How to – Deduplicate records between two local data sources in Primo Back Office
Use case
We often have a physical format record for our University of Queensland Theses catalogued in Alma and then an electronic format record for the same work stored in our Institutional Repository UQ eSpace. Only our Alma record has data such as Local Call Number and only our UQ eSpace record has data such as the DOI. The OTB template rules for Primo Back Office only include Dedup for the Alma pipe, and not for Generic Dublin Core used for our UQ eSpace pipe, and therefore we have two records for the same work appearing for our users in our live Primo environment
Goal
Reduce duplication of records, while also improving search by both physical and electronic formats of a work being found with metadata only in one record.
Outcome
20% duplication reduction for University of Queensland Theses in our UQ eSpace Institutional Repository (4,200 of 21,000).
Implementation Summary
Configuration time: A few hours (but additional time for Sandbox testing)

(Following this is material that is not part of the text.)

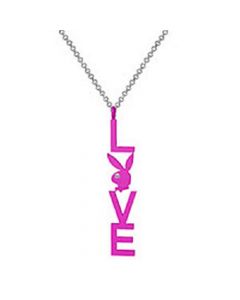 Playboy Bunny love purple plastic necklace and Pendant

Configuration difficulty: Medium
Consistency of outcome: Dependent on good and matching data
Changes live in Primo UI: Dependent on number of records to index and hotswap, and twice daily hotswap timing, but typically within 12 hours
System specs
Primo New UI, with a single local and remote blended search scope
Alma using MARC21, not using Alma-D
Institutional repository using Dublin Core, for example UQ eSpace
Primo Multi-tenant Back Office, with pipes for Alma and Institutional Repository
Summary of Key Data for Dedup
Records much reach 875 points to dedup, as a Full Match
When there is no match or partial match, there will be fewer points, zero points, or points deducted
Short title Initial score quick match -450 match or 0 no match
- Note: Even though it is already known that full match is required due to key data giving many points such as ISBN not being present in both data source records, the Short title rules MUST be configured. There is a bug here that the Dedup System Test will show a match without these rules, and yet the records will not match in UI - this has been reported
- Update 25.1.2021: Ex Libris have advised the following and I've requested that this be documented: "The test tool compares between 2 records which is a simpler method than the pipe itself. The pipe takes into consideration other records and data already loaded, so it might be possible that the mismatch was due to other data in the pipe which caused the records not to be deduped at the end. It is possible that some other data interfere in the pipe with the dedup mechanism."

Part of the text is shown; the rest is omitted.